[PROBLEM DETAILS] Retype the listing exactly, minus its pictures.

[SUPPLIED INFORMATION]

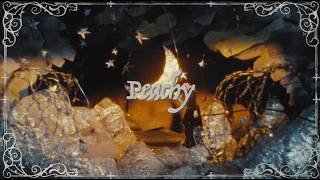 Holly Humberstone  Peachy  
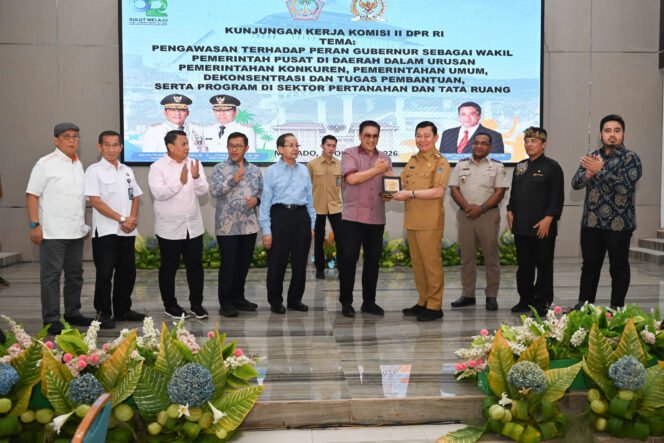 
					Foto bersama Tim Kunjungan Kerja Komisi II DPR RI bersama Wakil Gubernur Sulawesi Utara Johannes Victor Mailangkay beserta jajaran di Manado, Sulawesi Utara, Senin (12/10/2026). Foto: Wilga/jk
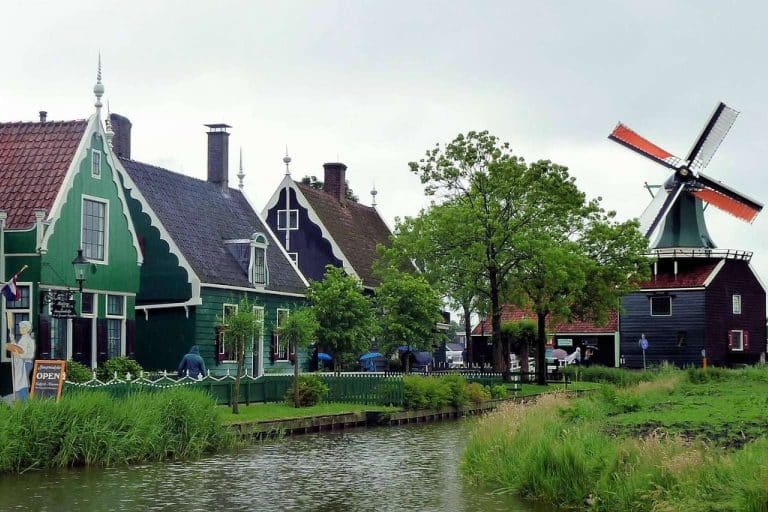 ¿Por qué realizar la excursión a Volendam que sugiere Vero4travel?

[YOUR SOLUTION]
 Holly Humberstone  Peachy  
					Foto bersama Tim Kunjungan Kerja Komisi II DPR RI bersama Wakil Gubernur Sulawesi Utara Johannes Victor Mailangkay beserta jajaran di Manado, Sulawesi Utara, Senin (12/10/2026). Foto: Wilga/jk
 ¿Por qué realizar la excursión a Volendam que sugiere Vero4travel?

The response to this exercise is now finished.